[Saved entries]
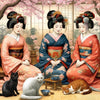Cherry Pazzi 31407 Springtime Tea 1000pc Jigsaw Puzzle
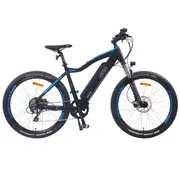 NCM M7 Electric Mountain Bike, E-MTB, 250W-500W, 48V 19Ah 912Wh Battery [Black 27.5]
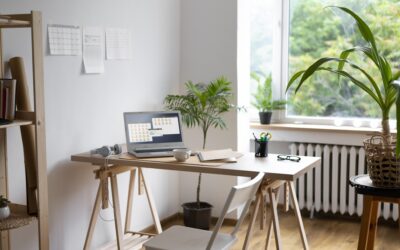 7 ideias de decoração para home office com móveis planejados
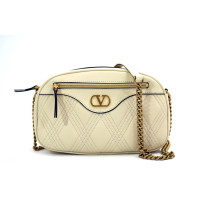 Valentino Camera Bag Pelle Bianca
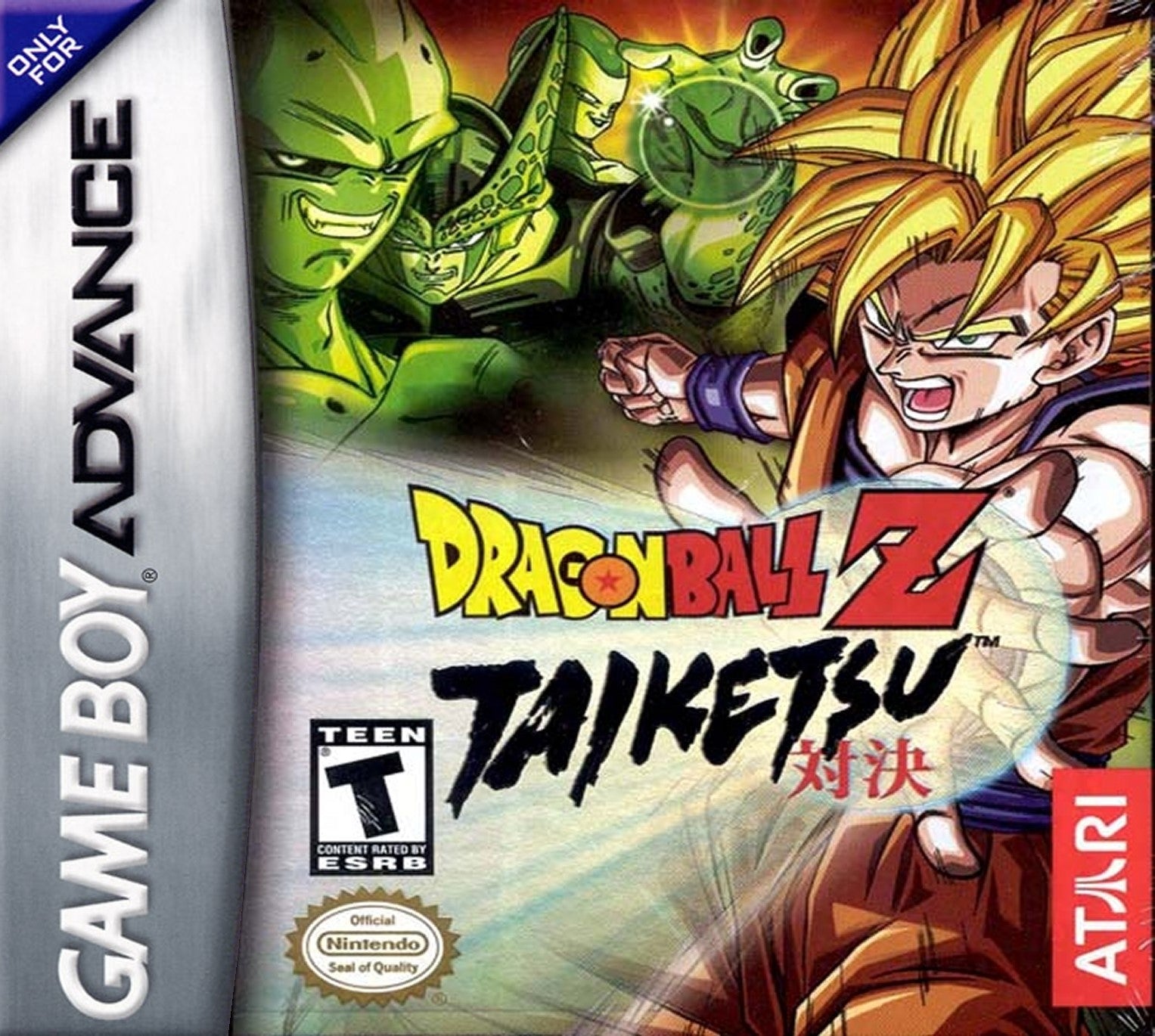 Dragon Ball Z Taiketsu - Anime Fighting Game for Nintendo GBA | Retro Video Game for Collectors & Fans | Perfect for Gaming Nights & Nostalgic Play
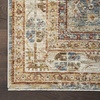 image:imageNourison Home Petra Ivory Multicolor 710 x 104 Area Rug  Easy Clean Non Shedding Bed Room Living Room Dining Room Kitchen 8 x 10Blue
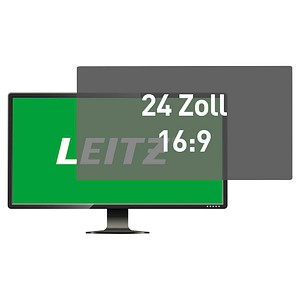 LEITZ Display-Blickschutzfolie für 61,0 cm (24,0 Zoll)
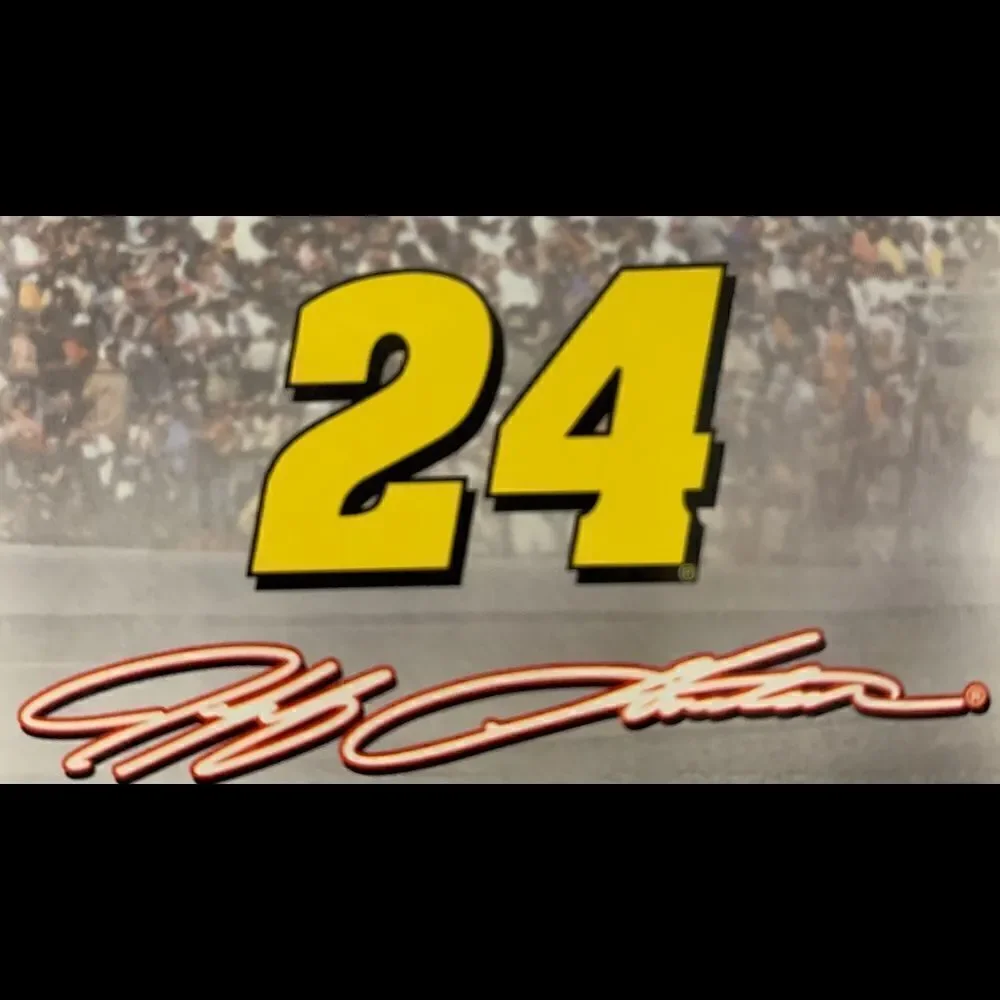 24 Jeff Gordon Ornament 2004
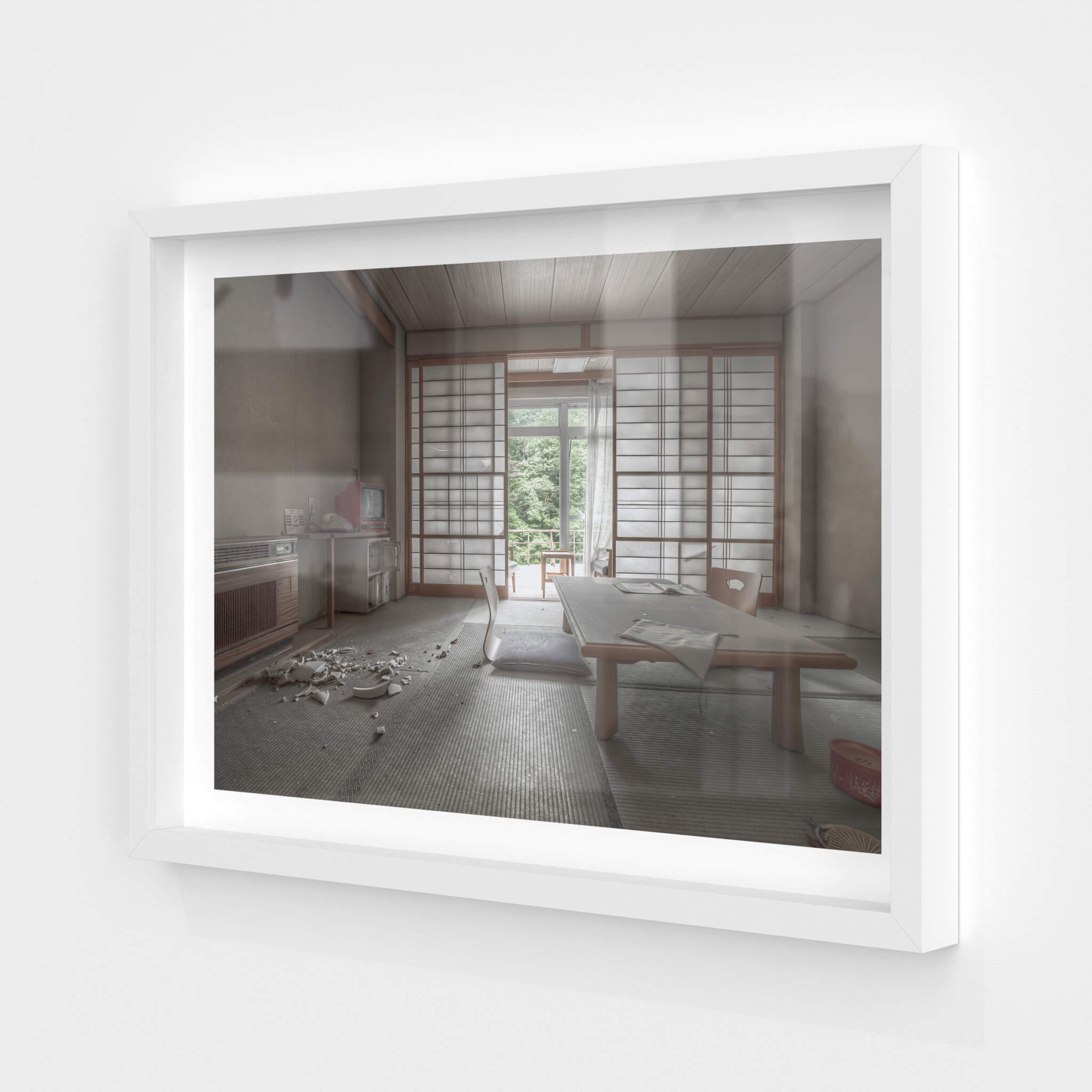 Guest Room | Kinugawa Kan Fine Art Print - Lost Collective Shop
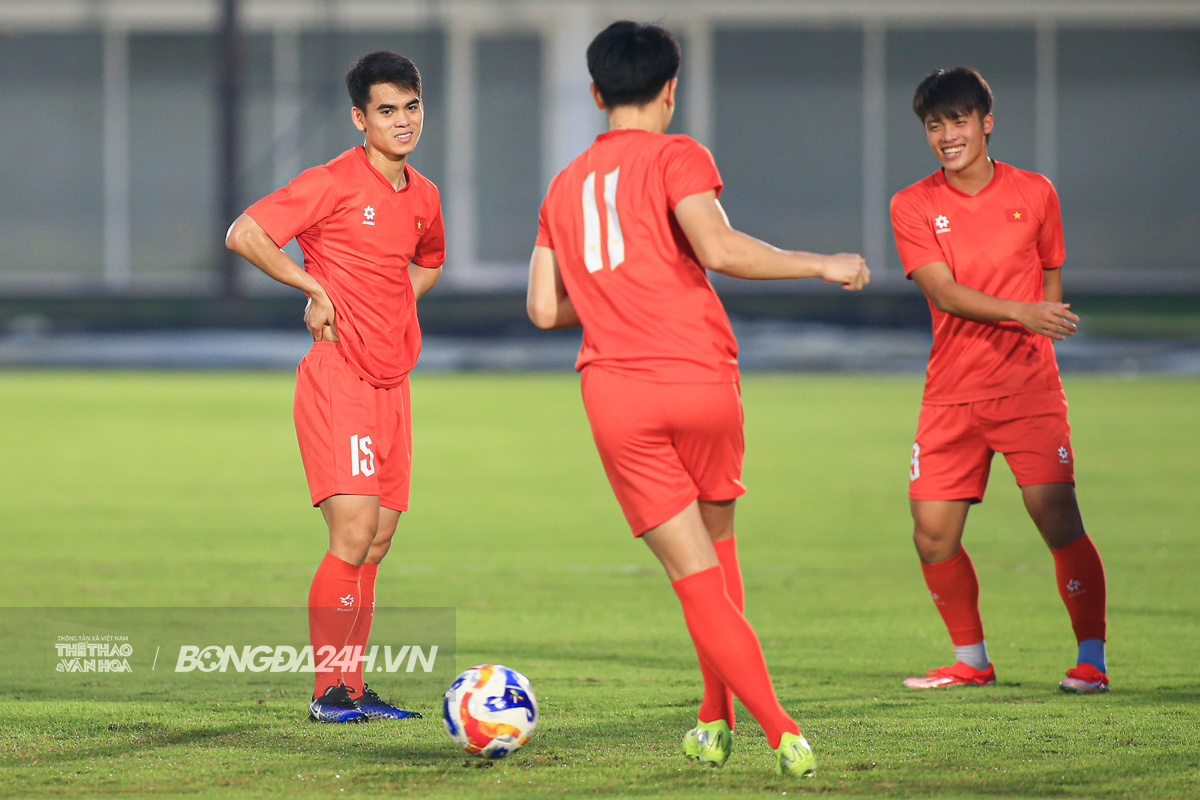 U23 Việt Nam: Quốc Việt hồi phục, quyết tâm chinh phục chức vô địch Đông Nam Á
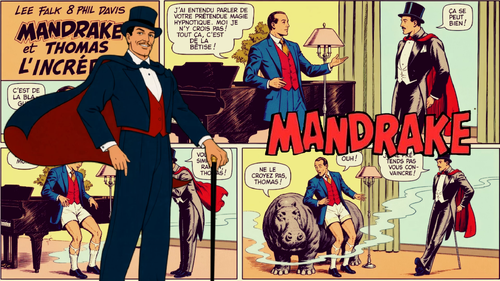 More information about "Mandrake Topper Video"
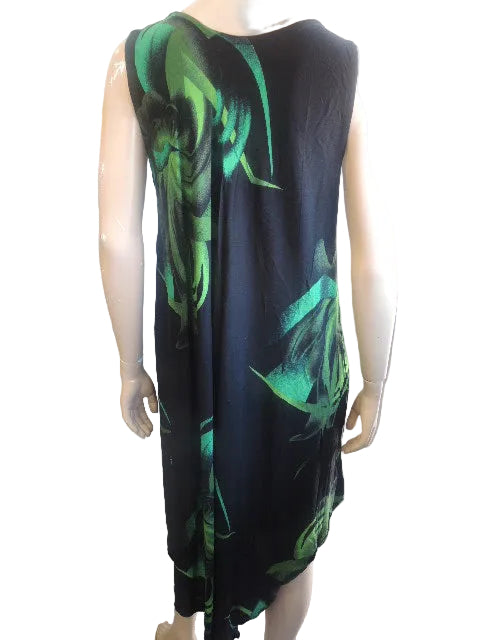 Crinkle Rayon Sleeveless Dress (Copy)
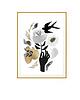 obrazy Grafika Bird Soul, neutralne kolory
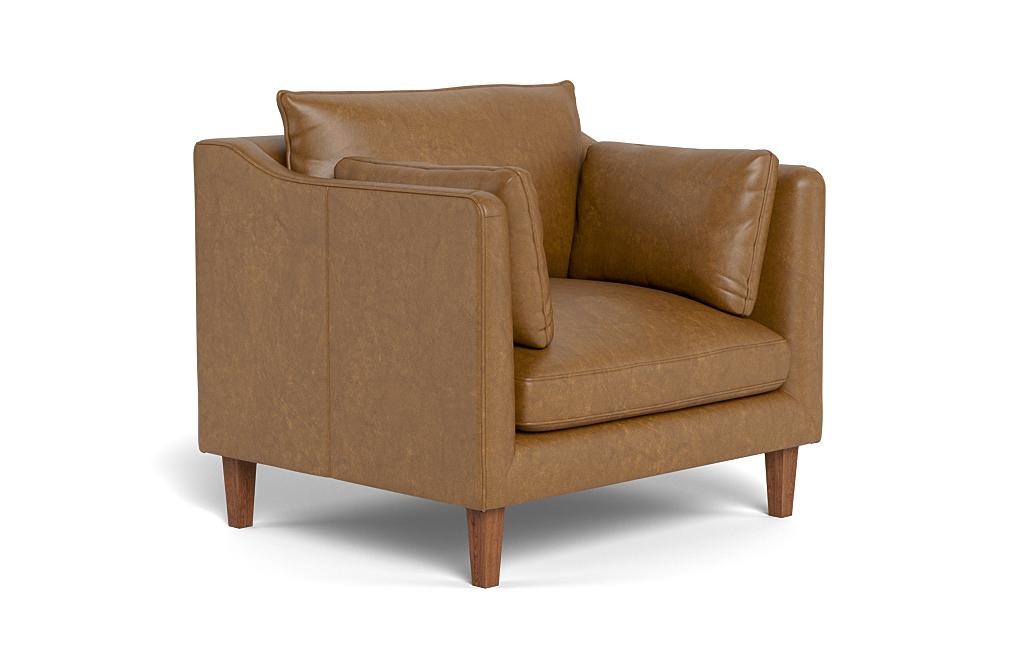 Caitlin Leather Accent Chair by The EverygirlÃ?Â® - Image 1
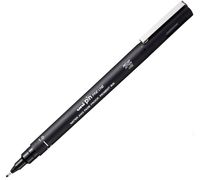 Ручка капиллярная "PIN10-200(S)" (1 мм; черная)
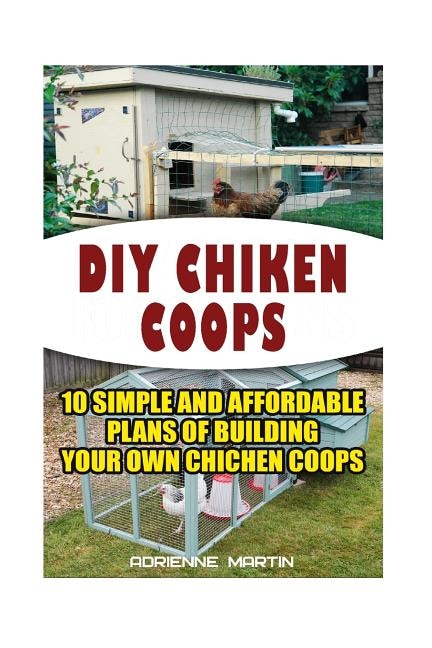 Front cover_DIY Chicken Coops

* _Brief_
All that is needed is the data above, repeated exactly, without the pictures.

* _Response below_
Cherry Pazzi 31407 Springtime Tea 1000pc Jigsaw Puzzle
 NCM M7 Electric Mountain Bike, E-MTB, 250W-500W, 48V 19Ah 912Wh Battery [Black 27.5]
 7 ideias de decoração para home office com móveis planejados
 Valentino Camera Bag Pelle Bianca
 Dragon Ball Z Taiketsu - Anime Fighting Game for Nintendo GBA | Retro Video Game for Collectors & Fans | Perfect for Gaming Nights & Nostalgic Play
 image:imageNourison Home Petra Ivory Multicolor 710 x 104 Area Rug  Easy Clean Non Shedding Bed Room Living Room Dining Room Kitchen 8 x 10Blue
 LEITZ Display-Blickschutzfolie für 61,0 cm (24,0 Zoll)
 24 Jeff Gordon Ornament 2004
 Guest Room | Kinugawa Kan Fine Art Print - Lost Collective Shop
 U23 Việt Nam: Quốc Việt hồi phục, quyết tâm chinh phục chức vô địch Đông Nam Á
 More information about "Mandrake Topper Video"
 Crinkle Rayon Sleeveless Dress (Copy)
 obrazy Grafika Bird Soul, neutralne kolory
 Caitlin Leather Accent Chair by The EverygirlÃ?Â® - Image 1
 Ручка капиллярная "PIN10-200(S)" (1 мм; черная)
 Front cover_DIY Chicken Coops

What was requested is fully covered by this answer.